Data Engineer III

Posted:
9/25/2024, 8:05:09 AM

Location(s):
Beaverton, Oregon, United States ⋅ Oregon, United States

Experience Level(s):
Mid Level ⋅ Senior

Field(s):
Data & Analytics

WHO YOU’LL WORK WITH

You will be collaborating with the Engineering manager, the Product Manager, other Engineering team members and with a variety of dedicated Nike teammates. You will join a highly motivated team that will be a driving force in building Data and Analytic solutions for the Consumer Product and Innovation organization in Nike Technology.

WHO WE ARE LOOKING FOR

We are seeking a highly skilled Senior Data Engineer to join our data engineering team in Nike’s Consumer Product and Innovation (CP&I) organization. In this role, you will be responsible for designing, building, and maintaining scalable data pipelines and analytics solutions. As a Senior Data Engineer, you will play a key role in ensuring that our data products are robust and capable of supporting our Advanced Analytics and Business Intelligence initiatives.

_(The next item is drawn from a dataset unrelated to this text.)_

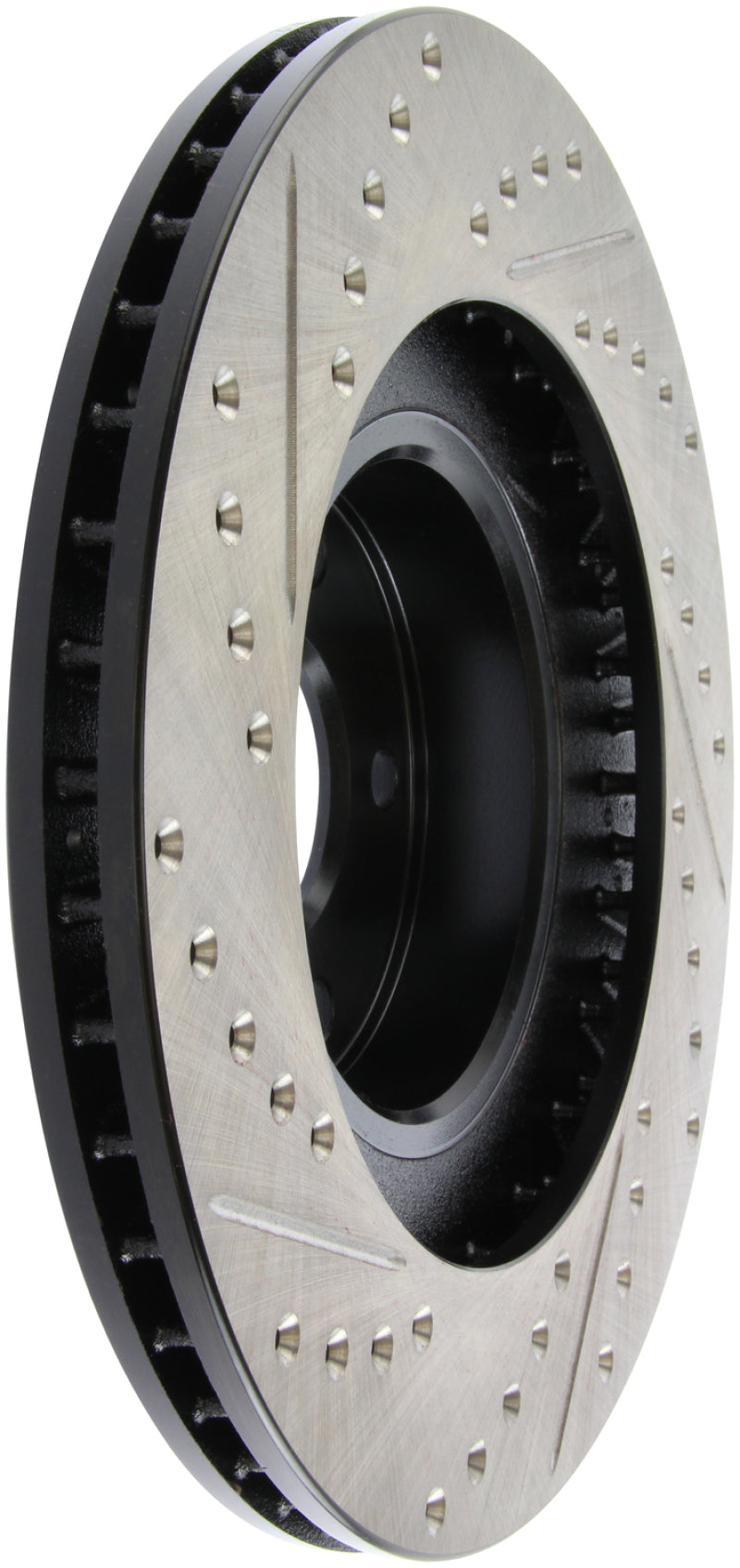 StopTech [02-07 WRX] Slotted and Drilled Left Front Rotor - Black E-Coated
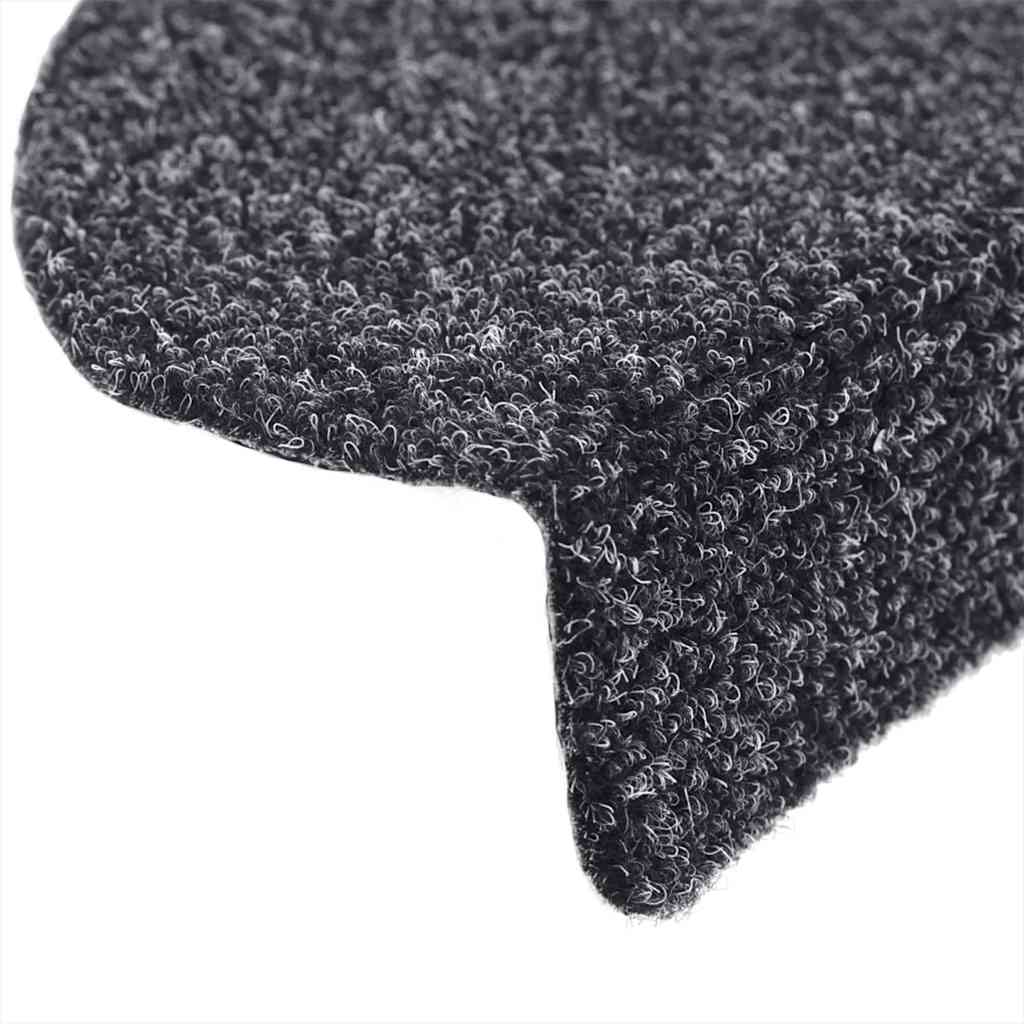 Stair Mats Self-adhesive 5 pcs 56x17x3 cm Dark Grey Half Round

You will be reporting to the Engineering Director and be part of a team that is building a cross-capability data foundation, defining and implementing data products to deliver Analytics solutions that drive business growth for Nike.

WHAT YOU BRING

  • Bachelor’s degree in computer science, engineering or a related field, or equivalent experience.
  • Proven experience (5+ years) as a Data Engineer, with a focus on Python, PySpark, and SQL.
  • Strong expertise in Apache Spark and distributed computing frameworks, with hands-on experience optimizing Spark jobs for performance and scalability.
  • Proficiency in SQL, with the ability to write complex queries and perform data transformations.
  • Experience with Databricks Lakehouse Platform, Medallion architecture and Delta Lake.
  • Experience working with AWS including data related services such as S3 and RDS.
  • Experience with data modeling, ETL/ELT processes, and data warehousing concepts.
  • Experience with CI/CD pipelines, version control (Git), and DevOps practices in a data engineering context.
  • Excellent problem-solving skills and the ability to design solutions for complex data challenges.
  • Ability to communicate effectively with team members and business stakeholders, both verbally and in written form.
  • Familiarity with real-time data processing frameworks such as Apache Kafka.
  • Knowledge of Generative AI and Machine Learning pipelines and integrating them into production environments.
  • Certification in Databricks (e.g., Databricks Certified Data Engineer, Databricks Certified Developer for Apache Spark).

WHAT YOU’LL WORK ON

  • Design, build, and maintain robust ETL/ELT data pipelines, reusable components, frameworks, and libraries to process data from a variety of data sources ensuring data quality and consistency.
  • Collaborate with data engineers, analysts, product managers and business stakeholders to understand data requirements, translate them into technical specifications and deliver data solutions that drive decision-making.
  • Participate in code reviews, provide feedback, and contribute to continuous improvement of the team's coding practices.
  • Identify and tackle issues concerning data management to improve data quality.
  • Monitor and troubleshoot data pipelines, ensuring high availability and performance.
  • Implement CI/CD pipelines to automate deployment and testing of data engineering workflows.